# A clever jig to make for laminating wood...pics included



## mark88 (Jun 8, 2009)

Hey folks  . I haven't posted much on here lately but I have to post a new jig I have made. I am very impressed with the idea and figured its good to share. I am laminating walnut and cherry together and this jig evenly distributes the pressure. Its very handy for when your clamps are being used and you have no more to spare. Its 2' x 2' with various holes for the bolts based on the size of the piece you are making. Check it out…











You likey???


----------



## mark88 (Jun 8, 2009)

sorry about the pic uploads…im unfamiliar with it…click on em if it helps


----------



## waho6o9 (May 6, 2011)

Great jig Mark thanks for sharing.


----------



## grizzman (May 10, 2009)

its a really good idea, and i like it, the only thing i would like to have on it that was different is instead of nuts on the bolts, some kind of other piece that had a handle on it, i wonder if you could make some small wooden handles that the nuts could go into…i think what i would do is get a deep well socket that fits the nuts and i would epoxy it into a wooden handle, that way i would not have to get a wrench out and the handle would allow me to really tighten it down good, great design you came up with mark..i think im going to make one also, grizz


----------



## mark88 (Jun 8, 2009)

thats an awesome idea grizz…i'll have to upgrade it to that. this was a quick whip up idea and it never crossed my mind to make handles. thx grizz!


----------



## FirehouseWoodworking (Jun 9, 2009)

Me LIKEY!! Well done!

Cheers!


----------



## mark88 (Jun 8, 2009)

thx dave…lol glad u likey haha…have a good one!


----------



## fge (Sep 8, 2008)

Thanks, great idea.
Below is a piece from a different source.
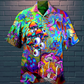 Hippie Peace Life Style Mushroom - Hawaiian Shirt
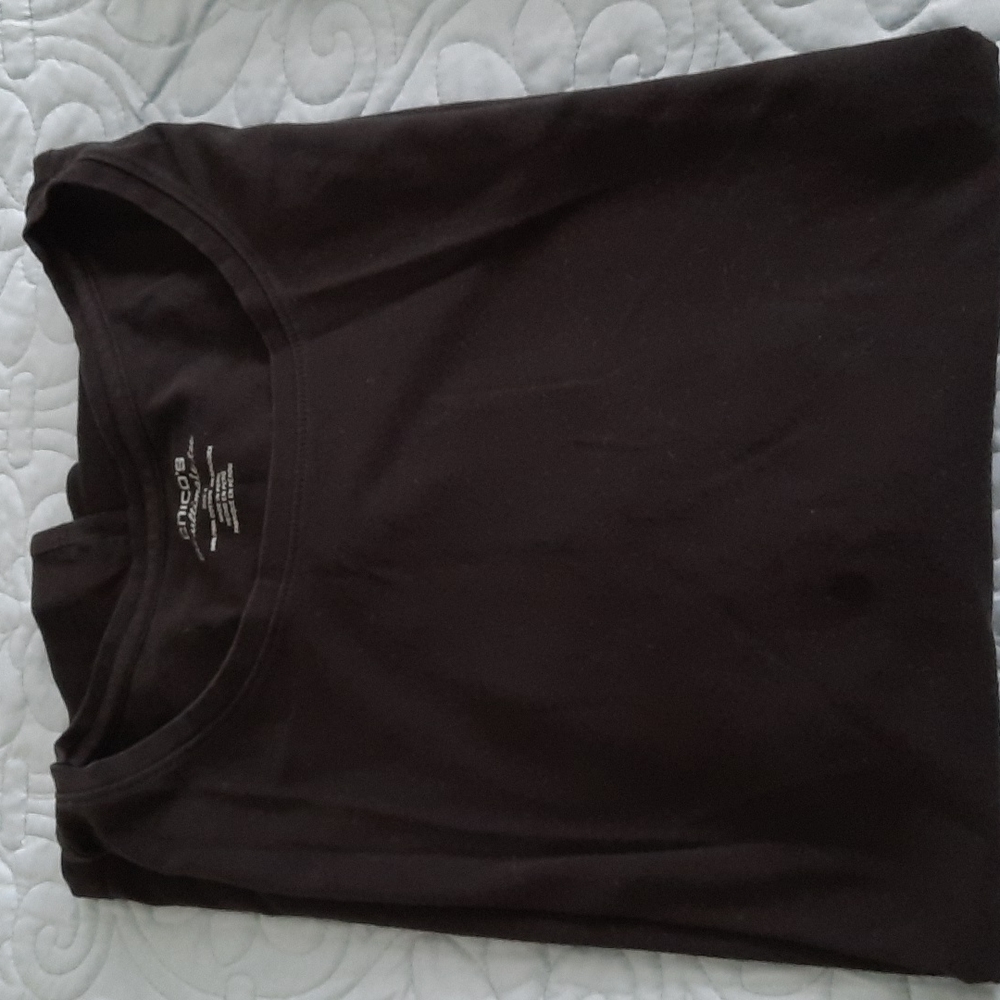 Women's t shirts all 3 one bundle two are black one is navy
We do a lot of laminating of 1/4" plywood onto 1/2" or 3/4" plywood. Just the other day we laminate 3 sheets of 1/4". Mainly because we needed maple 3/4" plywood and made our own for one small cabinet we needed to build.


----------



## mark88 (Jun 8, 2009)

thanx jerry….my project is a keepsake box for a friend of mine and im laminating 3/8" cherry in between two 3/16" walnut so when i router the edges it will have a nice look to it. how do you do your laminating?


----------



## Grumpy (Nov 9, 2007)

Nothing like a good jig. Well done Mark.


----------



## mark88 (Jun 8, 2009)

thx grumpy. aint that the truth!


----------